→ **Task**
In the records below, find the line that contains "Kitchen - 323". Retype that line and all the lines after it through the end, leaving out the pictures.

→ **Excerpted records**

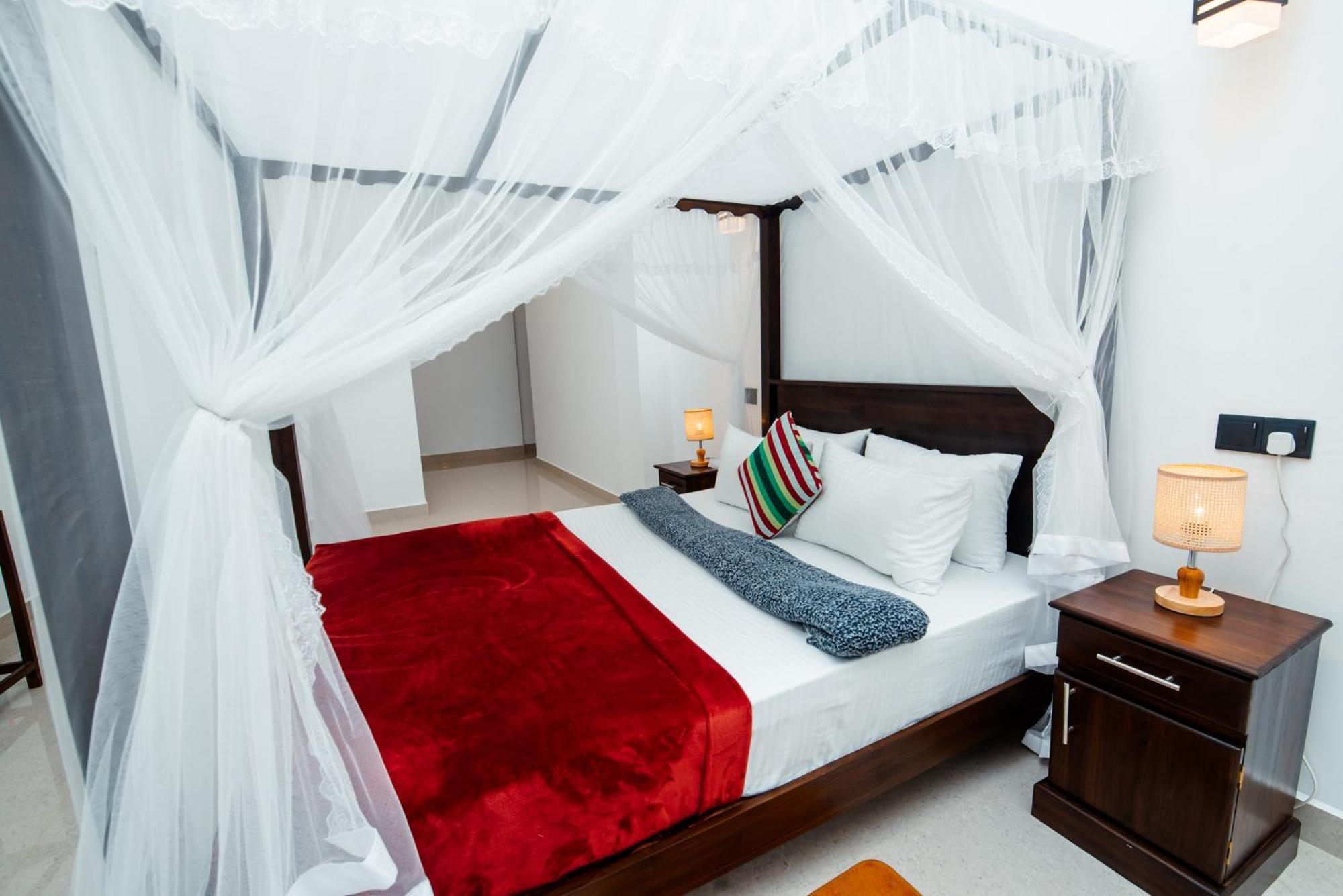 Adams Peak Inn Наллатания Экстерьер фото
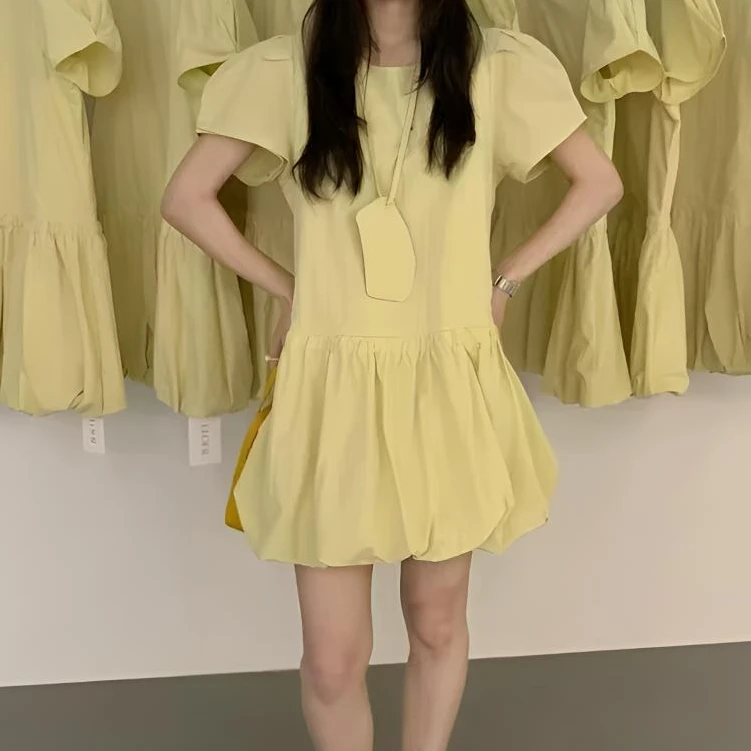 纯色可爱蓬蓬花苞小众夏季气质韩版减龄连衣裙小个子甜美设计感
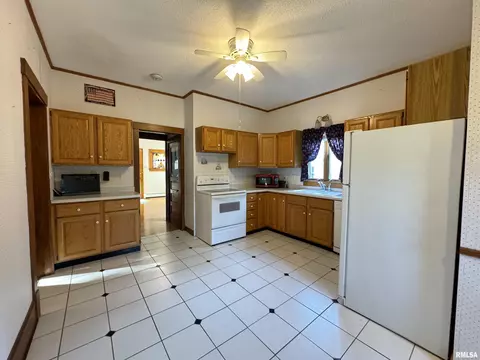 Kitchen - 323 E Cortland St, Avon, IL 61415 photo 2 of 2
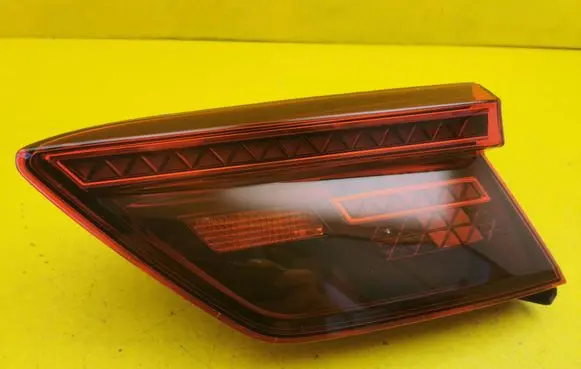 Volkswagen Tiguan Tailgate rear/tail lights 5NA945308E 2SA01252204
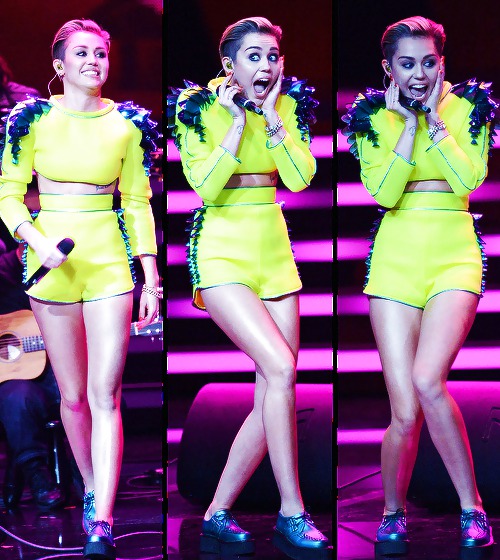 Sexy actuación de miley cyrus en los premios bambi noviembre 2013
 #22945110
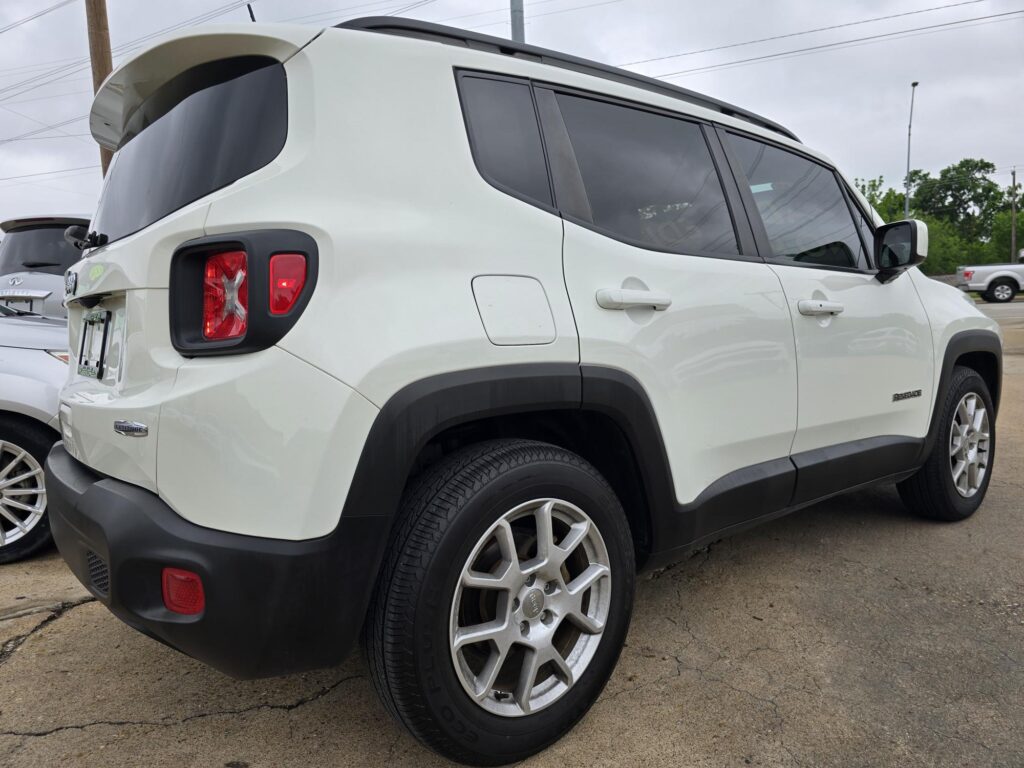 2019 Jeep RENEGADE LATITUDE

→ **Response to this exercise**
 Kitchen - 323 E Cortland St, Avon, IL 61415 photo 2 of 2
 Volkswagen Tiguan Tailgate rear/tail lights 5NA945308E 2SA01252204
 Sexy actuación de miley cyrus en los premios bambi noviembre 2013
 #22945110
 2019 Jeep RENEGADE LATITUDE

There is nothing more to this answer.